Harga tes PCR telah diatur pemerintah dalam Surat Edaran (SE) Dirjen Pelayanan Kesehatan Nomor HK.02.02/I/2824/2021 tentang Batas Tarif Tertinggi Pemeriksaan Reserve Transcription Polymerase Chain Reaction (RT-PCR).
"Kalau ada seperti itu kami akan tutup itu, kan ada SE-nya itu, kami juga sudah buat edaran, nggak boleh ada yang melewati, kalau ada saya kasih tahu, akan saya tutup lab-nya,” tegasnya.
Dalam surat tersebut tercantum biaya tes PCR yang ditetapkan pemerintah di wilayah Jawa-Bali adalah Rp 495 ribu dan tes PCR di luar Jawa-Bali ditetapkan paling tinggi Rp 525 ribu.
Aturan ini mulai berlaku efektif sejak 17 Agustus 2021.
Sehingga, jika ada laboratorium yang mematok harga di atas angka tersebut, maka pihaknya tidak segan-segan akan menutup laboratorium tersebut.
"Kan Rp 495 ribu, kalau ada yang lebih, kami akan tutup," paparnya.
Suarjaya juga menegaskan bahwa tindakan yang dilakukan oleh laboratorium tersebut adalah akal-akalan semata.
Pihak laboratorium juga tidak boleh mengulur-ulur waktu dikeluarkannya hasil tes PCR.
"Pokoknya 1 kali PCR itu secepat dia bisa lakukan itu, kalau dia mengulur-ulur supaya bisa lebih mahal itu menyalahi aturan, nggak boleh, saya tutup itu,” ucapnya.
Menurut Suarjaya, di Bali sudah ada 26 laboratorium berizin untuk melakukan tes PCR.
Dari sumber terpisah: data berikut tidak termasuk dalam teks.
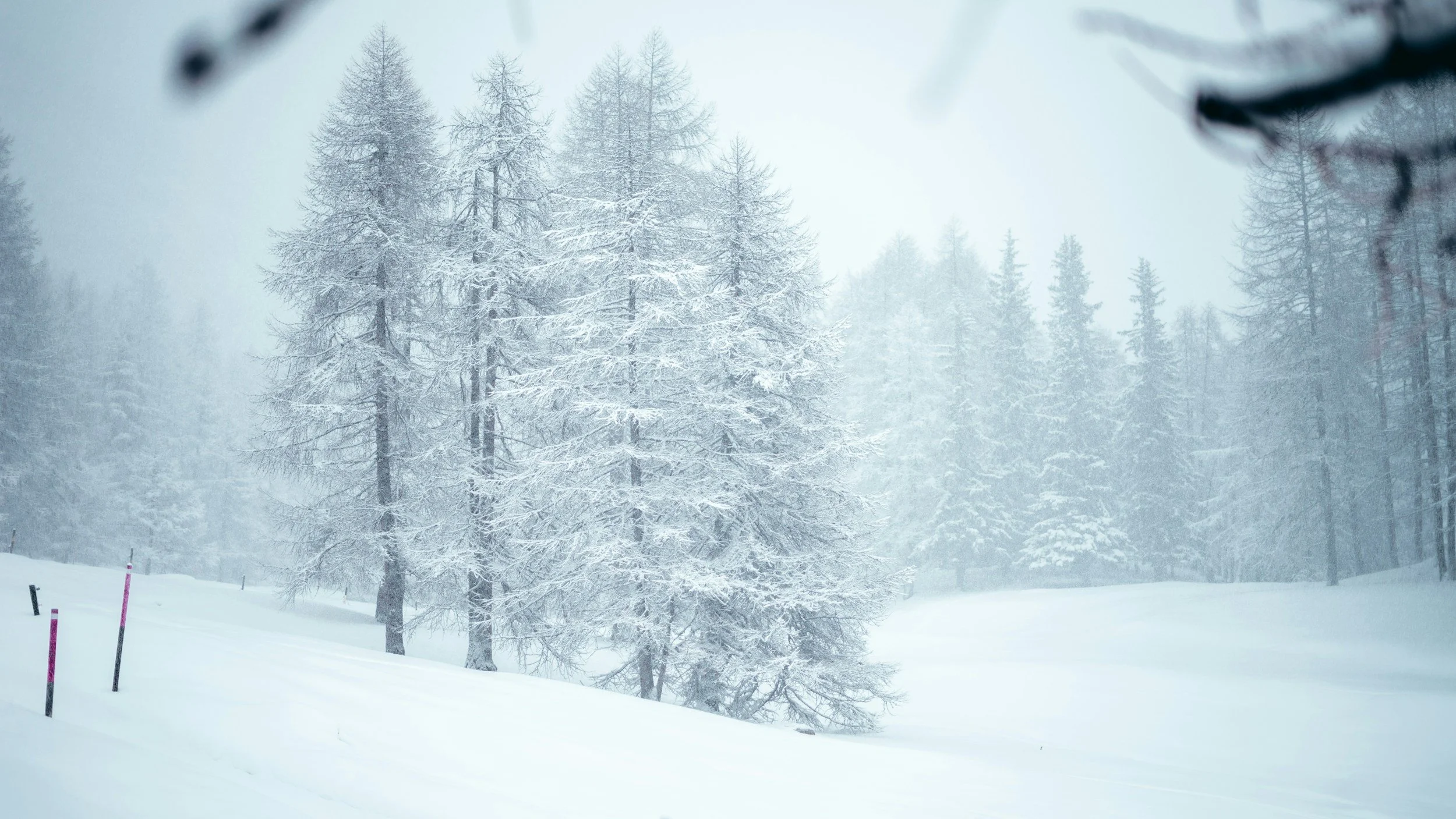 Snow-covered trees in a foggy winter landscape with snow on the ground and some ski or snow pole markers.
Dari jumlah tersebut, menurutnya dalam keadaan normal 26 laboratorium tersebut mampu melayani 4.500 tes PCR dalam sehari.
YLKI Duga Ada Mafia
Menanggapi kasus mahalnya tes PCR di Bali yang capai Rp 1,9 juta, Yayasan Lembaga Konsumen Indonesia (YLKI) turmembeberkan dugaan mafia pengadaan tes PCR demi mengejar keuntungan atau cuan.
Ketua Pengurus Harian YLKI Tulus Abadi mengatakan, Harga Eceran Tertinggi (HET) PCR di lapangan banyak diakali oleh provider dengan istilah "PCR Ekspress".
"Harganya 3 kali lipat dibanding PCR normal. Ini karena PCR normal hasilnya terlalu lama, minimal 1x24 jam," ujarnya melalui siaran pers, ditulis Minggu (24/10/2021).